TO DO:
Could you restate word for word every line of the records below, from the first one to the one holding "Parcela st. 570/15"?

Dataset excerpts:

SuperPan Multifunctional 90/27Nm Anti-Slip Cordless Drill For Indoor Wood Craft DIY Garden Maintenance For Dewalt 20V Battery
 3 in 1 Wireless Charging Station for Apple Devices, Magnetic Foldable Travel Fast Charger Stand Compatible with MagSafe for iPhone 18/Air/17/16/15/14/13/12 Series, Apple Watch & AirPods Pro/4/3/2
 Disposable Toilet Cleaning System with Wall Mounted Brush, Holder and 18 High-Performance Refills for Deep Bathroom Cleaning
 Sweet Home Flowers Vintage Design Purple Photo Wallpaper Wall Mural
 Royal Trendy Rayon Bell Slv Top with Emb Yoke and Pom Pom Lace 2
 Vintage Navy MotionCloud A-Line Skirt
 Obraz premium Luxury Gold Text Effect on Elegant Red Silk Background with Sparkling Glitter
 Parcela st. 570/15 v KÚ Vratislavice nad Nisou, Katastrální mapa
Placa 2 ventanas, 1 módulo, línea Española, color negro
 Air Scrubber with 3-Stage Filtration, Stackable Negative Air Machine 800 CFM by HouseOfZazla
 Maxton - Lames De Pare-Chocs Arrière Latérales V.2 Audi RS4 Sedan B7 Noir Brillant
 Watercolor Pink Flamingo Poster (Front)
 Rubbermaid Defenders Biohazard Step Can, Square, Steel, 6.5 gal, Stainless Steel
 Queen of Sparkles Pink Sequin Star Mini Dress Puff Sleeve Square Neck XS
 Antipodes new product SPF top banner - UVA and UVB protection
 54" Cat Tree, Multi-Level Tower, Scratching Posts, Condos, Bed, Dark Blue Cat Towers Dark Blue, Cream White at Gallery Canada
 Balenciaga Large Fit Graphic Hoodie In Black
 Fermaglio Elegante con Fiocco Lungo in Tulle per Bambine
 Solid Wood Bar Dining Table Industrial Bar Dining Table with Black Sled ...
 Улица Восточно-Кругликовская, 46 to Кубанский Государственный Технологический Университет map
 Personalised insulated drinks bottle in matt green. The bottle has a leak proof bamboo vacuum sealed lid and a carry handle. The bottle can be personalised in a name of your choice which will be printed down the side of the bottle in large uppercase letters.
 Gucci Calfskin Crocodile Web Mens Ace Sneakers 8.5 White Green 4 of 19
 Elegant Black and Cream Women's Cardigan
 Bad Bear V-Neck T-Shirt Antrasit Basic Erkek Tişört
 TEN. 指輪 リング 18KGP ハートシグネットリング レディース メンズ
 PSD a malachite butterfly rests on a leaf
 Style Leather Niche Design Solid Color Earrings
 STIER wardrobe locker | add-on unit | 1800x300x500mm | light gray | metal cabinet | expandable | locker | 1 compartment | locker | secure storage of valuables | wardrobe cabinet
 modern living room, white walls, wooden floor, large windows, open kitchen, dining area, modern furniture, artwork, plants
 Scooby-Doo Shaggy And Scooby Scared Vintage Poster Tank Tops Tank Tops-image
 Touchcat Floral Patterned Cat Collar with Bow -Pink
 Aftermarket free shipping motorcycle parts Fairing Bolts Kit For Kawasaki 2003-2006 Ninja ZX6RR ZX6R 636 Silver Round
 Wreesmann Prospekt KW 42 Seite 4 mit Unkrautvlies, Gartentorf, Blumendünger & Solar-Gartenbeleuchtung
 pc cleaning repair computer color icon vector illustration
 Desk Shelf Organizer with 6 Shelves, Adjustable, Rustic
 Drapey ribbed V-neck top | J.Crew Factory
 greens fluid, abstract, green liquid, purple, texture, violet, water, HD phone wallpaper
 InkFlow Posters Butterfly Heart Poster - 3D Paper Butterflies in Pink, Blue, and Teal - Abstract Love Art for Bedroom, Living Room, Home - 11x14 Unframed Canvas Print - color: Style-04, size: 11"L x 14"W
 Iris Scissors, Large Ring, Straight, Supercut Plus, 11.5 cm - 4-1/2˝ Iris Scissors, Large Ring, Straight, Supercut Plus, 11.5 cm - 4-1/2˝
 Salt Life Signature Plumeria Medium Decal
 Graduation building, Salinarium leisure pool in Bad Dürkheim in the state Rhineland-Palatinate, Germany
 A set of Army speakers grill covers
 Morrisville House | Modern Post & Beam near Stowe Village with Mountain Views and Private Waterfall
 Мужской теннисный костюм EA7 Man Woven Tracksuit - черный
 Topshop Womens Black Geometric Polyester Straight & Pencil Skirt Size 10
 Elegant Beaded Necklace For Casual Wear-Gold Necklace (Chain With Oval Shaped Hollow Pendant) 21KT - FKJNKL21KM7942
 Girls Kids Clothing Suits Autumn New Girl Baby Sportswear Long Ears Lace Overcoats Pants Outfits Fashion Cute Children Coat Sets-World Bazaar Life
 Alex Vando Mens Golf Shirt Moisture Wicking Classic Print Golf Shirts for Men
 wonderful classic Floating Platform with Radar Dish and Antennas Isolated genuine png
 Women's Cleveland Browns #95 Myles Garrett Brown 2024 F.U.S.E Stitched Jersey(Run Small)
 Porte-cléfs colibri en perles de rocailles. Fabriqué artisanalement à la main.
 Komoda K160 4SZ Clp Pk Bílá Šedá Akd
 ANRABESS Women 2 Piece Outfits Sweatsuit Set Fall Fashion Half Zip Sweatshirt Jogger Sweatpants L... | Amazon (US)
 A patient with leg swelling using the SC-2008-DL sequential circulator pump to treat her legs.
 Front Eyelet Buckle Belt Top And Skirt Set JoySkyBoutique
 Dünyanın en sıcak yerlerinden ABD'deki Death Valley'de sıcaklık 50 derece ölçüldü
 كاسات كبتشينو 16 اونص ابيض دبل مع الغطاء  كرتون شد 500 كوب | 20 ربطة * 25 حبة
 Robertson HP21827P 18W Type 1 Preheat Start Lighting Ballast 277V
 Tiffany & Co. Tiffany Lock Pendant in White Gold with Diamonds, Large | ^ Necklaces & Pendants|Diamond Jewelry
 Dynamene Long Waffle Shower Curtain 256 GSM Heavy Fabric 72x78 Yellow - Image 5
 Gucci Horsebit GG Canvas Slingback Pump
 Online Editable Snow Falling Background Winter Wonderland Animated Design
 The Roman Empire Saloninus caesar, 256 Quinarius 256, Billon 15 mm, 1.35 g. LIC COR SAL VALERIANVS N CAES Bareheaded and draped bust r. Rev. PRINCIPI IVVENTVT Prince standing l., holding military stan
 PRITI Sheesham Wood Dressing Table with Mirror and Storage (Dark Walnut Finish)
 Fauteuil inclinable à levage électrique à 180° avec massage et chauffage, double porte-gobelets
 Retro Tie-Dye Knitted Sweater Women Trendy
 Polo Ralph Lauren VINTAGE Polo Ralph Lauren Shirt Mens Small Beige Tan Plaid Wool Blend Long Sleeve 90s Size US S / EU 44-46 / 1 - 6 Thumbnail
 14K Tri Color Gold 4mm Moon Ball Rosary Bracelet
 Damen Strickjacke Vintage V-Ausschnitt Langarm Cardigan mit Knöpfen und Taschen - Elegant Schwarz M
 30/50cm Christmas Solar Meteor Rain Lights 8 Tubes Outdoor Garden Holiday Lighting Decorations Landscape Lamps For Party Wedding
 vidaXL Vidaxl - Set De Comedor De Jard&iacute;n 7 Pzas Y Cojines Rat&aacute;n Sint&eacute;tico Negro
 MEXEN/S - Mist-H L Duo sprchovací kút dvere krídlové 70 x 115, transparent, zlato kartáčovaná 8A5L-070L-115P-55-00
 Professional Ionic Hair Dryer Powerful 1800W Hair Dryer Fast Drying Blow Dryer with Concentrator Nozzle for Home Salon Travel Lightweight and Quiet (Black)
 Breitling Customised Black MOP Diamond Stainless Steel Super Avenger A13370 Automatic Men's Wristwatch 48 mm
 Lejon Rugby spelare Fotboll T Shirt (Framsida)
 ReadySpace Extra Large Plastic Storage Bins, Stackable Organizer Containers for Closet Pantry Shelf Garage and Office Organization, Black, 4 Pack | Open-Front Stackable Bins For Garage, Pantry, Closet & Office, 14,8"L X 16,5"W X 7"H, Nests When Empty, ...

SOLUTION FOR THIS PROBLEM:
SuperPan Multifunctional 90/27Nm Anti-Slip Cordless Drill For Indoor Wood Craft DIY Garden Maintenance For Dewalt 20V Battery
 3 in 1 Wireless Charging Station for Apple Devices, Magnetic Foldable Travel Fast Charger Stand Compatible with MagSafe for iPhone 18/Air/17/16/15/14/13/12 Series, Apple Watch & AirPods Pro/4/3/2
 Disposable Toilet Cleaning System with Wall Mounted Brush, Holder and 18 High-Performance Refills for Deep Bathroom Cleaning
 Sweet Home Flowers Vintage Design Purple Photo Wallpaper Wall Mural
 Royal Trendy Rayon Bell Slv Top with Emb Yoke and Pom Pom Lace 2
 Vintage Navy MotionCloud A-Line Skirt
 Obraz premium Luxury Gold Text Effect on Elegant Red Silk Background with Sparkling Glitter
 Parcela st. 570/15 v KÚ Vratislavice nad Nisou, Katastrální mapa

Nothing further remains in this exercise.